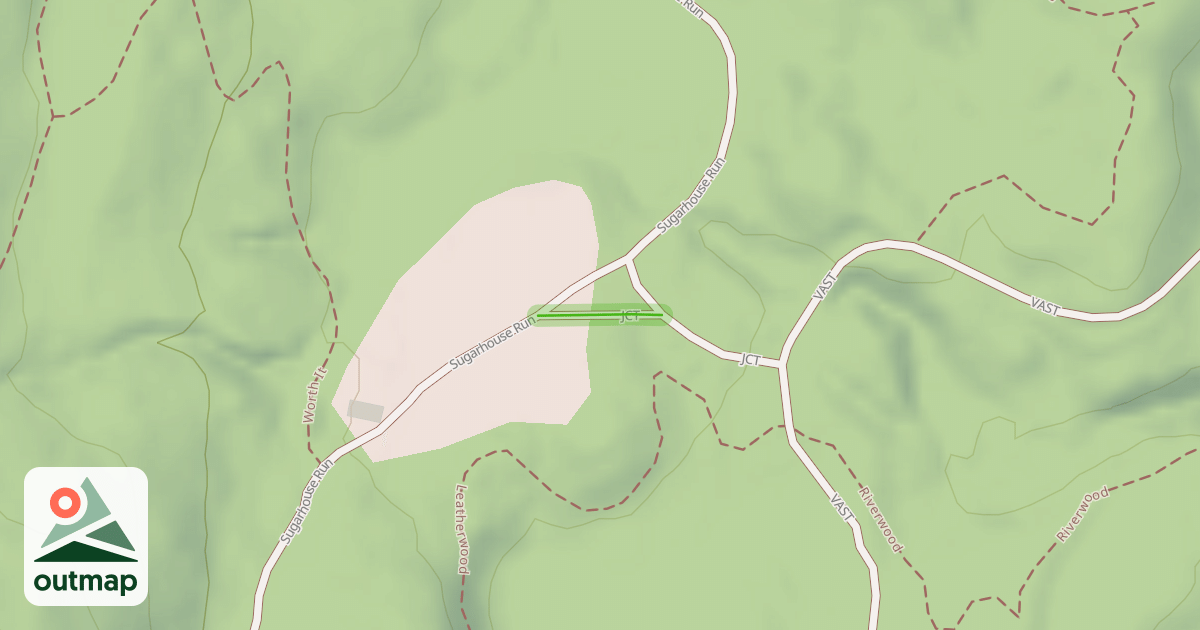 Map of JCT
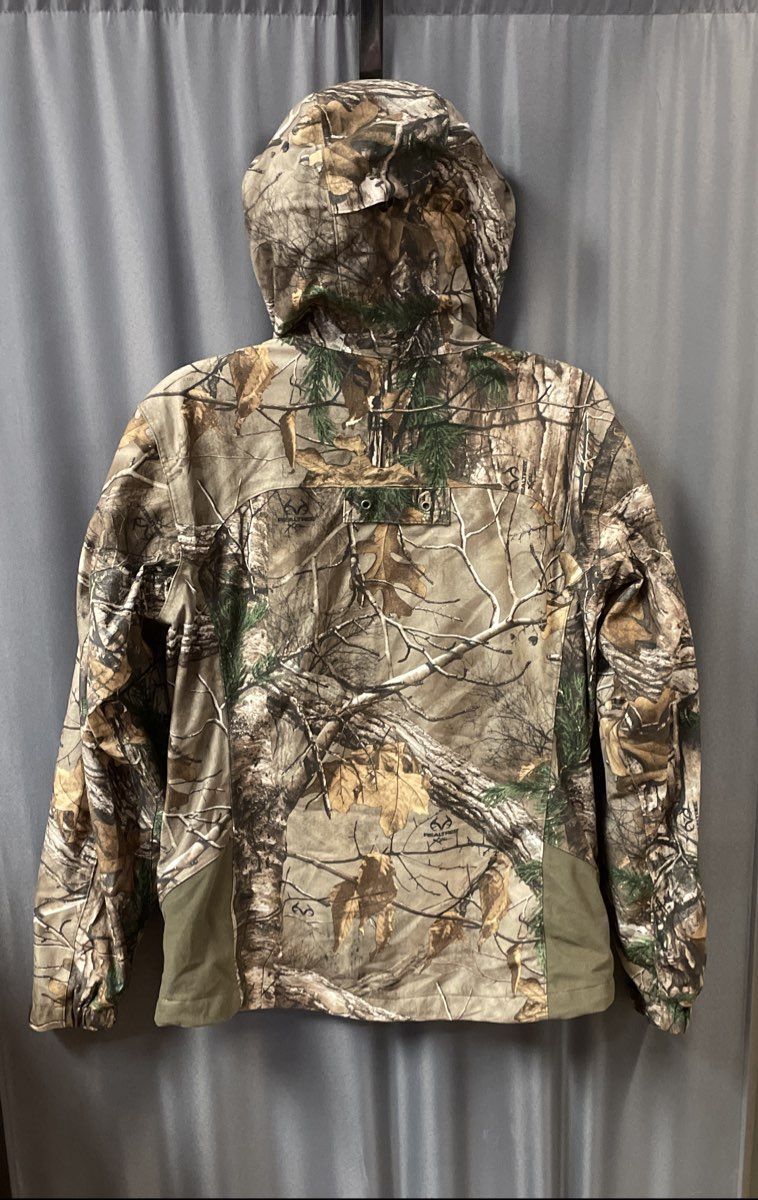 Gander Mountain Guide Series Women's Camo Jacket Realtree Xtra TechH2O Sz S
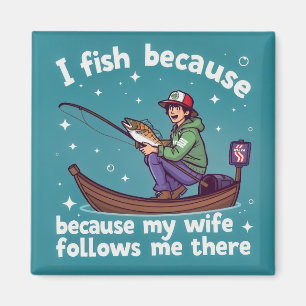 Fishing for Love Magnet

**WHAT IS NEEDED**
Each line of the material above should be set down exactly, with no pictures.

**EXERCISE ANSWER**
 Map of JCT
 Gander Mountain Guide Series Women's Camo Jacket Realtree Xtra TechH2O Sz S
 Fishing for Love Magnet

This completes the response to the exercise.